On October 28, 1939, his daughter having completed her education, petitioner brought his wife and son to Dearborn and took up new lodging. He has been living there with them ever since.

The naturalization examiner recommended denial of this petition on the ground that petitioner had not resided in the United States for the required five-year period, since his wife and family resided in Windsor until October 28, 1939. There is no question but what petitioner has satisfied the other requirements for citizenship. The sole issue therefore is whether petitioner was a resident of the United States during the period from 1934 to 1939.

The word "residence" is used in many different senses in the law. As used in the naturalization act, however, it is practically synonymous with "domicile". In re Barron, D.C., 26 F.2d 106; Petition of Oganesoff, D.C., 20 F.2d 978. As nearly as may be defined, it means the place where one lives with the intention of making it his home. While residence depends to a large extent upon intention, the intention of the individual in question must be judged by his acts, and not solely by his declarations.

Consideration of the evidence here leads me to the conclusion that, although petitioner honestly thought that he was becoming a resident of the United States in 1934, his actions were inconsistent with a change of residence and he himself still regarded Windsor as his home. What petitioner intended here to do was to comply with the residence requirements for citizenship, and to do those specific things which he thought necessary to establish his residence for that purpose.

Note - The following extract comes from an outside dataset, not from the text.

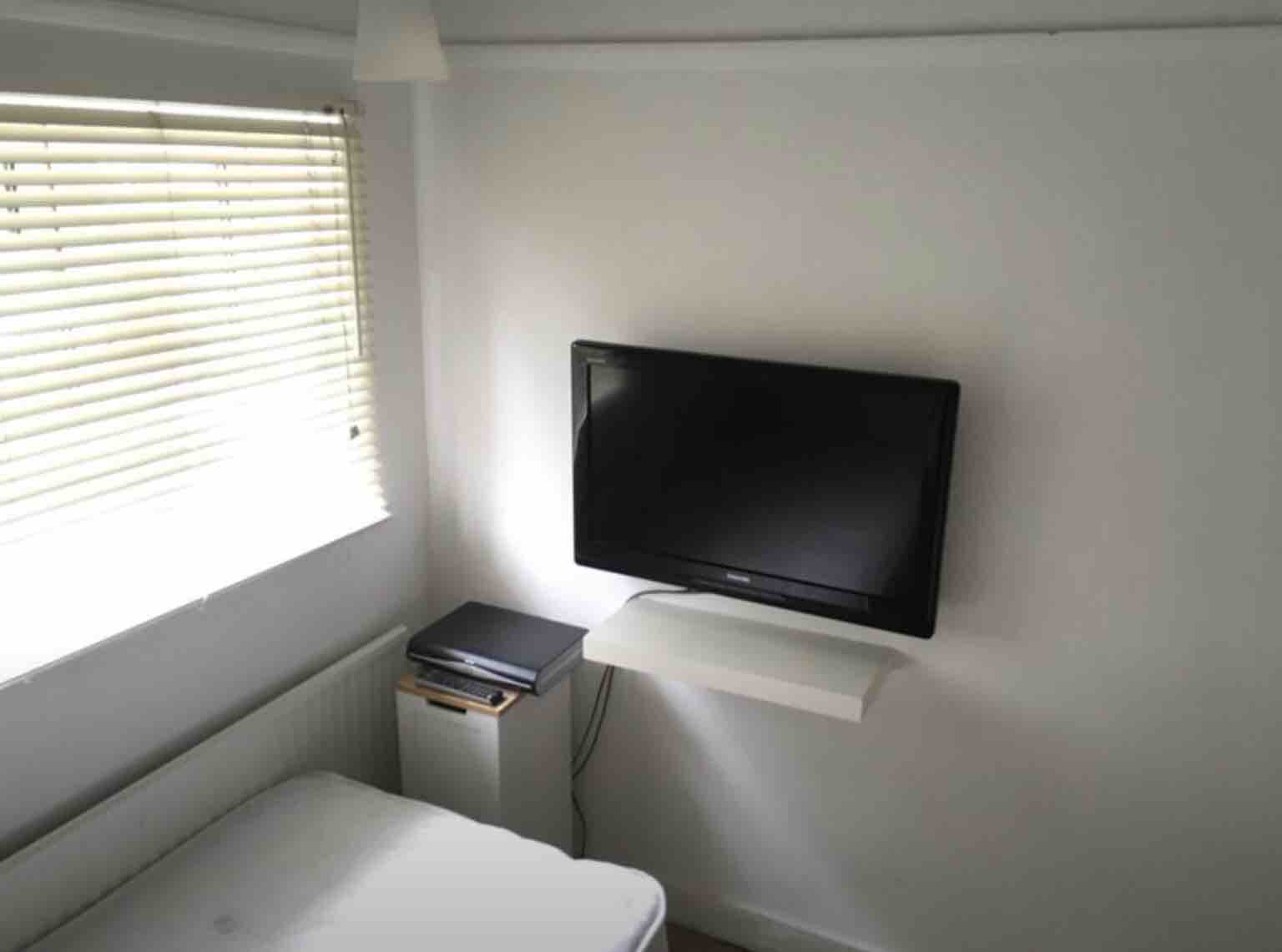 1 room in Radlett, WD7 9HF Rooms To Rent On RoomsLocal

In pursuance of this deliberate plan, petitioner made a conscious effort to do certain things in this country which he thought would lead the naturalization officials to conclude he resided here, by sleeping and eating in this country as much as possible, taking his vacations here, and contributing to local charities. In the meantime, his wife and children remained in Windsor, and he returned to visit them on weekends. Many of his belongings were left in Windsor, and personal services were being furnished him by his family at their home. As petitioner has very frankly admitted, his living in this country was a matter of inconvenience to him, undertaken solely to meet the requirements of citizenship. While a motive to acquire residence for citizenship purposes does not necessarily defeat its acquisition, the motive *308 must be taken into consideration in determining whether the intention to change one's residence exists. See Restatement of Conflict of Laws, § 22.

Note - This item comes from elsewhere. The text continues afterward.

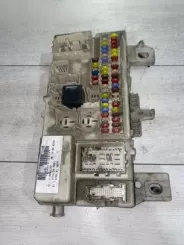 Блок запобіжників Ford Focus / Комплектний 4M5T14A073DG 00027871 519100606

It is therefore my conclusion that, while petitioner had the desire and intention to acquire residence in this country so as to obtain the benefit of the citizenship act, he did not change, nor intend to change, his home to this country when he rented a room in Dearborn. The distinction here pointed out has been well stated by the American Law Institute in the Restatement of Conflict of Laws, under the heading of Domicile. Section 19 of the Restatement states as follows:

"The intention required for the acquisition of a domicil of choice is an intention to make a home in fact, and not an intention to acquire a domicil."

In the Comment to Section 19, it is stated:

"a. Intention to make home and desire to acquire domicil. A person sometimes desires to have his domicil in a certain place, in order to get the benefit of one or more of the legal consequences of having a domicil there, but does not wish to change his home to that place; this desire to have a domicil in a certain place has no effect in fixing his domicil there."

Other illustrations beside those given under this Section of the Restatement, which are analogous to the present case, can readily be conceived. For example, suppose A, who lives with his wife and family at a home in Detroit and works there, desires to sue B in the Federal Court; and, in order to obtain diversity of citizenship, rents a room in Toledo, joins organizations, spends a considerable proportion of his time there, and tells his friends he is becoming a resident of Ohio, but leaves his wife and furniture in Detroit and continues to keep his job there. The court would have to say that, although he has desired to become a resident of Ohio for the purpose of acquiring a status to sue in the Federal Courts, he has not intended to change his home and remains a resident and citizen of Michigan.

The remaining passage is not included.